Activity: Which lines run from the one containing "2004 Silvercrest Manufactured Home" to the end of the listing below? Write them out exactly, both ends included, with nothing else.

Data for analysis:
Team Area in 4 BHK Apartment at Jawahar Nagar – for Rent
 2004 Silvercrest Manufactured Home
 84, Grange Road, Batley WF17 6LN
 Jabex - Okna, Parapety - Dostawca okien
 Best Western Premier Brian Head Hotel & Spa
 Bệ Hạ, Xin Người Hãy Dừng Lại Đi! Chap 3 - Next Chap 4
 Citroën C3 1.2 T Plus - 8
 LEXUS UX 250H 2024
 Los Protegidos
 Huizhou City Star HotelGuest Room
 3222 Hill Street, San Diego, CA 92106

Output of the exercise:
 2004 Silvercrest Manufactured Home
 84, Grange Road, Batley WF17 6LN
 Jabex - Okna, Parapety - Dostawca okien
 Best Western Premier Brian Head Hotel & Spa
 Bệ Hạ, Xin Người Hãy Dừng Lại Đi! Chap 3 - Next Chap 4
 Citroën C3 1.2 T Plus - 8
 LEXUS UX 250H 2024
 Los Protegidos
 Huizhou City Star HotelGuest Room
 3222 Hill Street, San Diego, CA 92106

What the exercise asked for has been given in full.